> _EXERCISE DESCRIPTION_
Only the lines of the data below from the one with "Wholesale S925 Sterling" through the one with "Transportation Equipment - Petro Truck" are wanted. Repeat them exactly.

> _INPUT MATERIAL_
┌──
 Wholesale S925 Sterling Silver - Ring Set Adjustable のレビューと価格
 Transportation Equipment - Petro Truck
└──
┌──
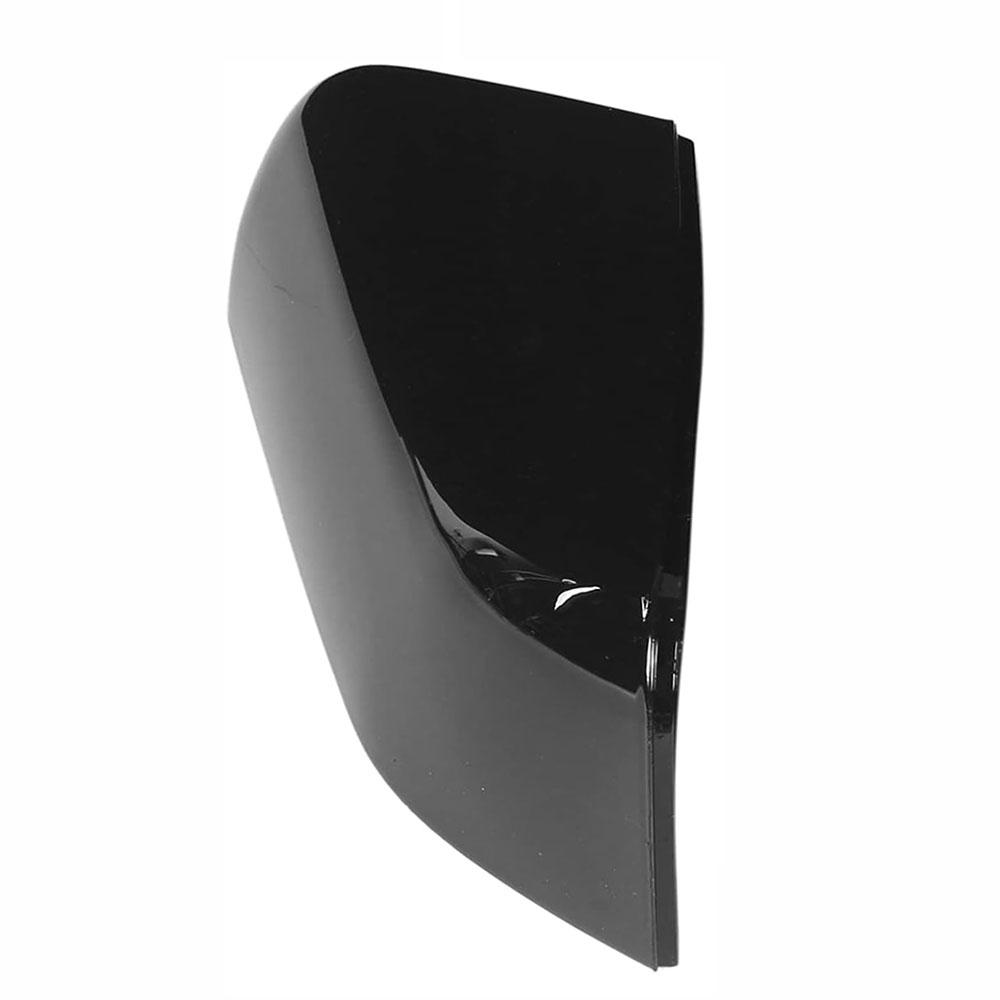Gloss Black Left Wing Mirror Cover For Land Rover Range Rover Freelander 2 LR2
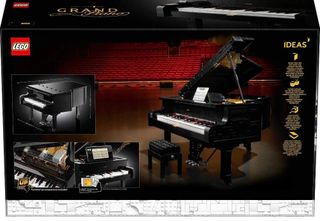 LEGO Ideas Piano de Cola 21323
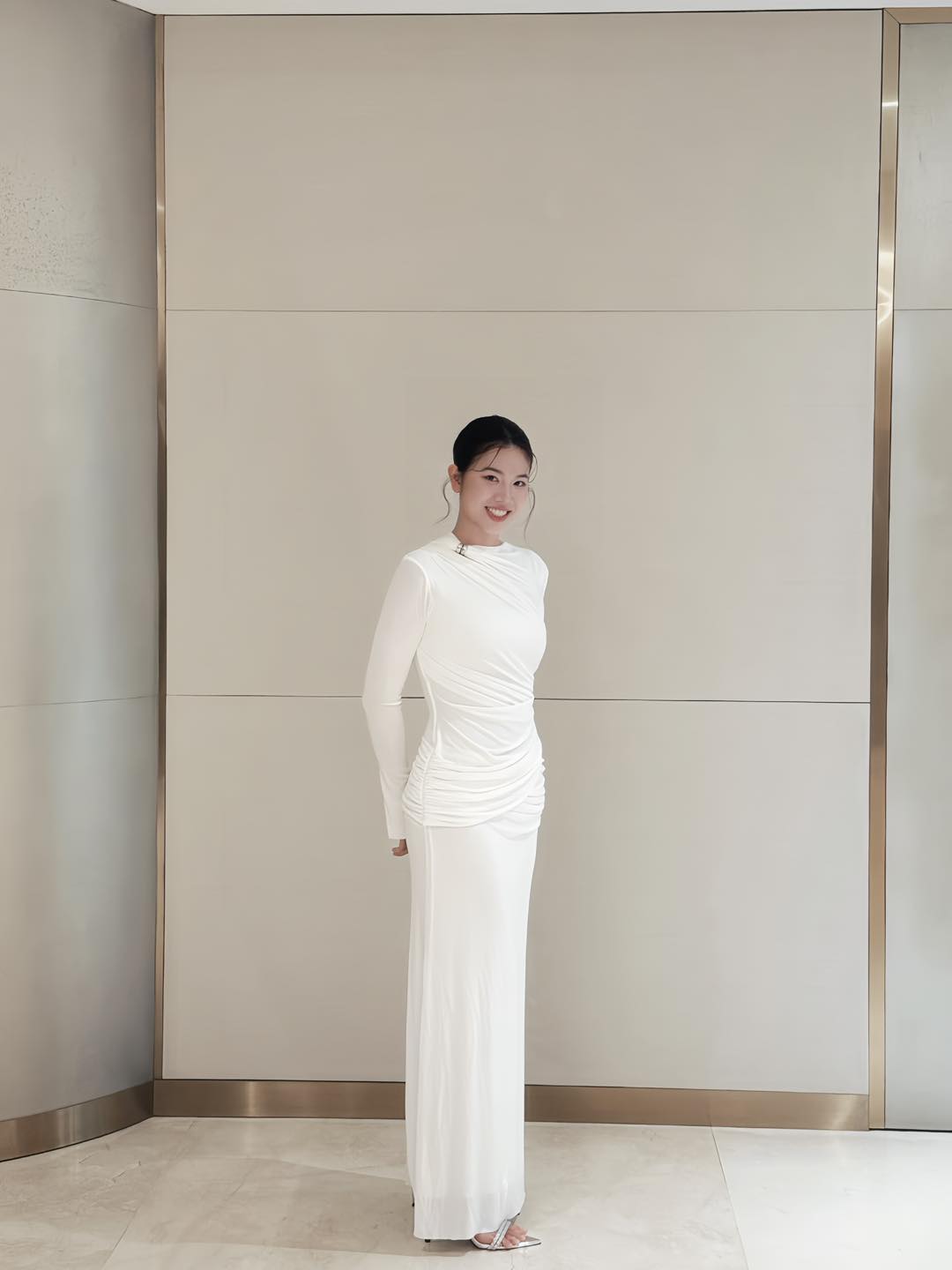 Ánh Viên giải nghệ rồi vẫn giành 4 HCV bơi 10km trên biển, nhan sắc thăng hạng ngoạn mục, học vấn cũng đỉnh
└──
┌──
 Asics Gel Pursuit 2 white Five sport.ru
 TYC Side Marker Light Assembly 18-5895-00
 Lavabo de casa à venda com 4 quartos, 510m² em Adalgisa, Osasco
└──
> _TASK RESPONSE_
 Wholesale S925 Sterling Silver - Ring Set Adjustable のレビューと価格
 Transportation Equipment - Petro Truck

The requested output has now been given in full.